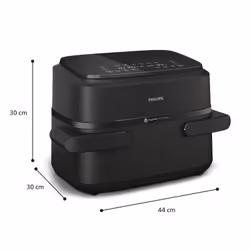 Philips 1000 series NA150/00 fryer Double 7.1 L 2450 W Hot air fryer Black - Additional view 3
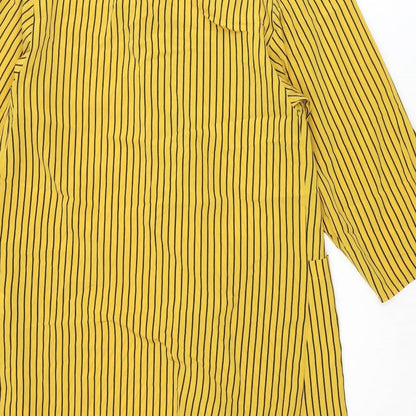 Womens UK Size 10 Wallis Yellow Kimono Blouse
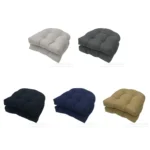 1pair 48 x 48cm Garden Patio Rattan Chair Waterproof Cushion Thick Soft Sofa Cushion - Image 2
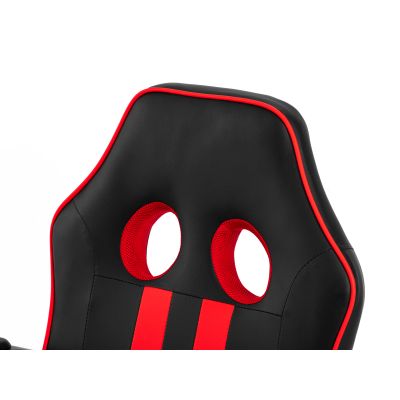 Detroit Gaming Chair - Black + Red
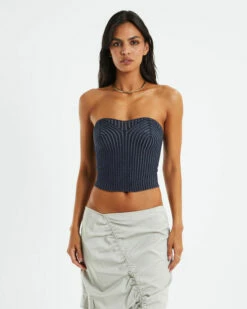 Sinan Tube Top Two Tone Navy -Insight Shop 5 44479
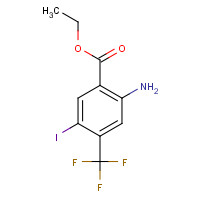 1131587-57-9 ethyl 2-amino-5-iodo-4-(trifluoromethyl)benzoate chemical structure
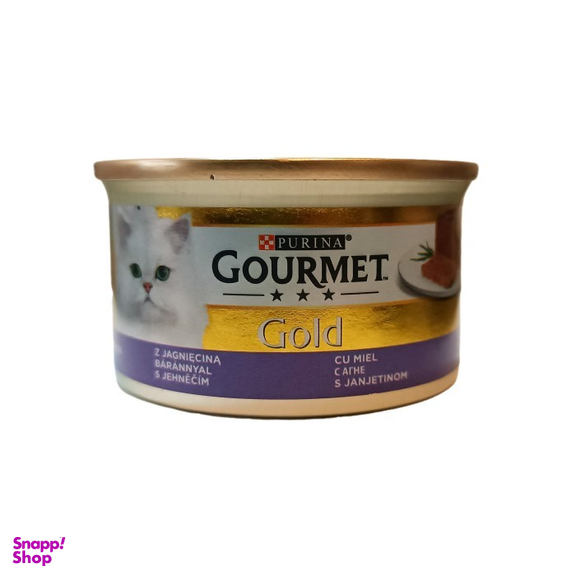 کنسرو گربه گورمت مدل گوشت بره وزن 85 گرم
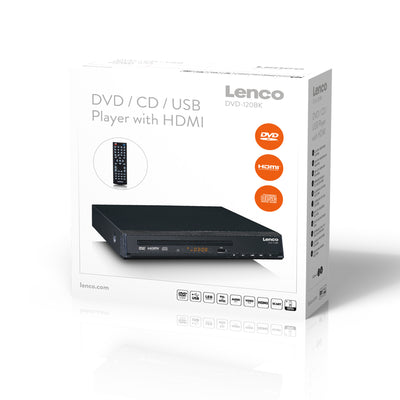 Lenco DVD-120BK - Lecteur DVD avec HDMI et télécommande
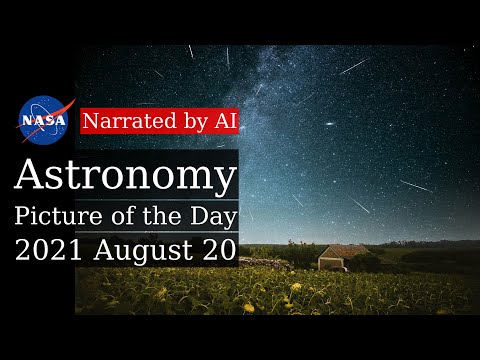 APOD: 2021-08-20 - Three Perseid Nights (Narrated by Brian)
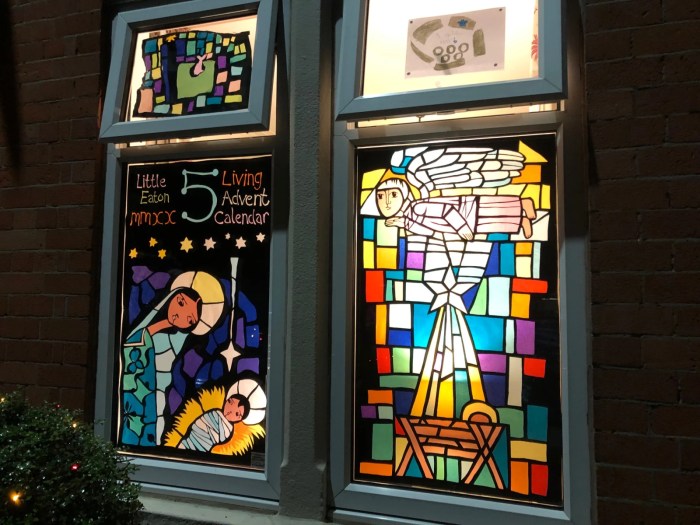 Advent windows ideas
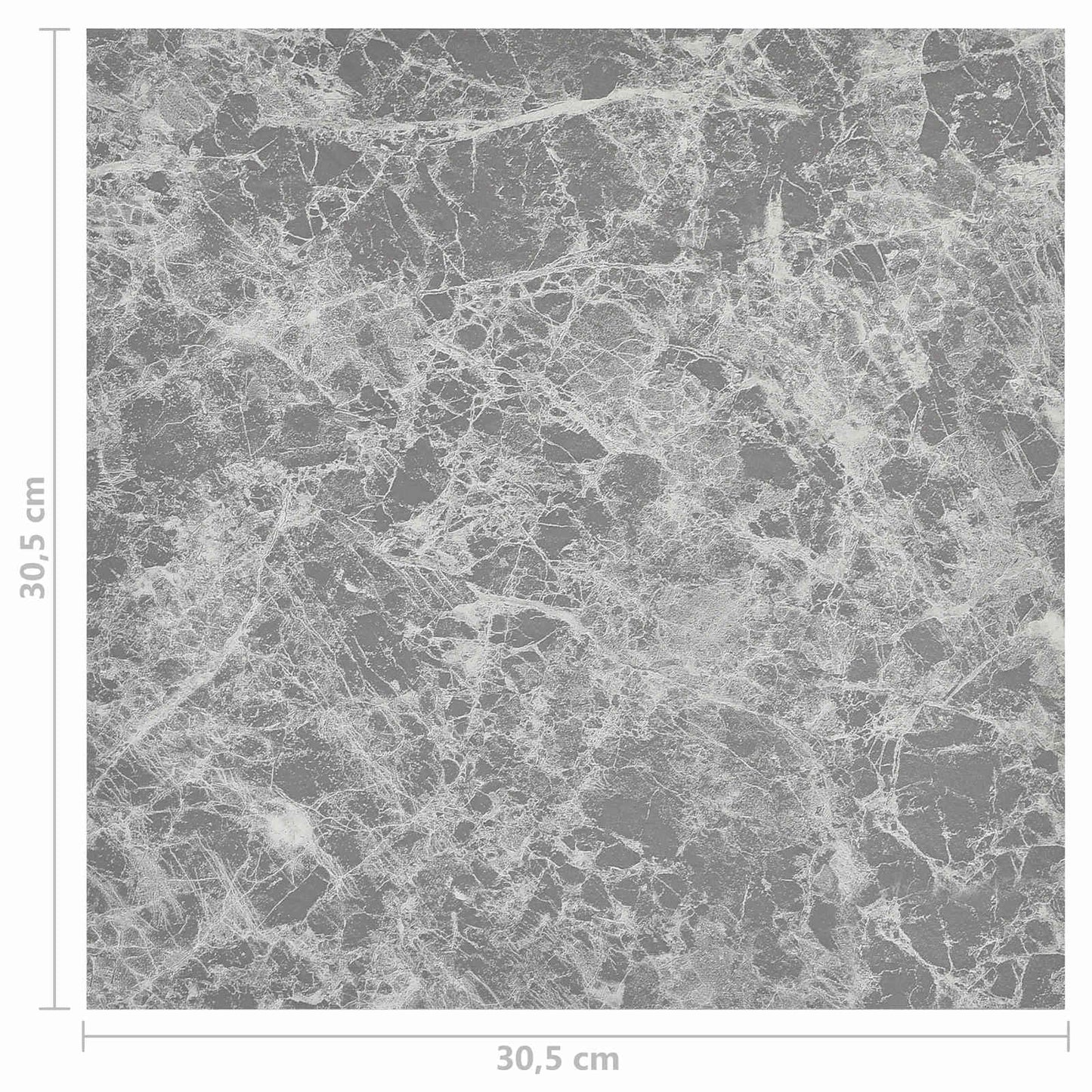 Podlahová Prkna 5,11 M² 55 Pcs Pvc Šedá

---

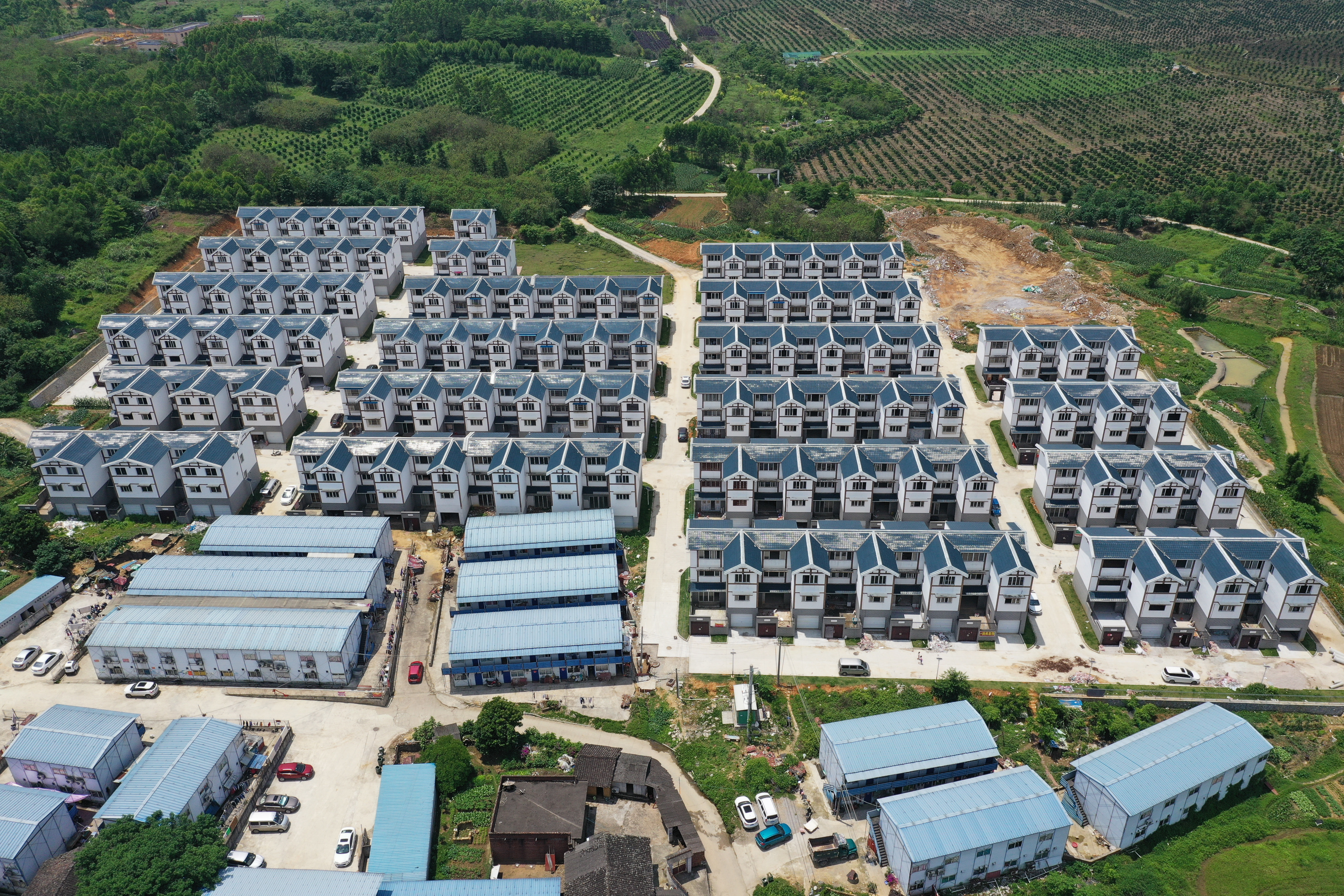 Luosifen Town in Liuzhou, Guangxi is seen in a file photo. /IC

---

- **What you have to do**
Reproduce exactly the lines above that run from the one with "کنسرو گربه گورمت مدل گوشت بره وزن 85 گرم" to the one with "Podlahová Prkna 5,11 M² 55 Pcs Pvc Šedá", both included, leaving pictures out.

- **Response area**
 کنسرو گربه گورمت مدل گوشت بره وزن 85 گرم
 Lenco DVD-120BK - Lecteur DVD avec HDMI et télécommande
 APOD: 2021-08-20 - Three Perseid Nights (Narrated by Brian)
 Advent windows ideas
 Podlahová Prkna 5,11 M² 55 Pcs Pvc Šedá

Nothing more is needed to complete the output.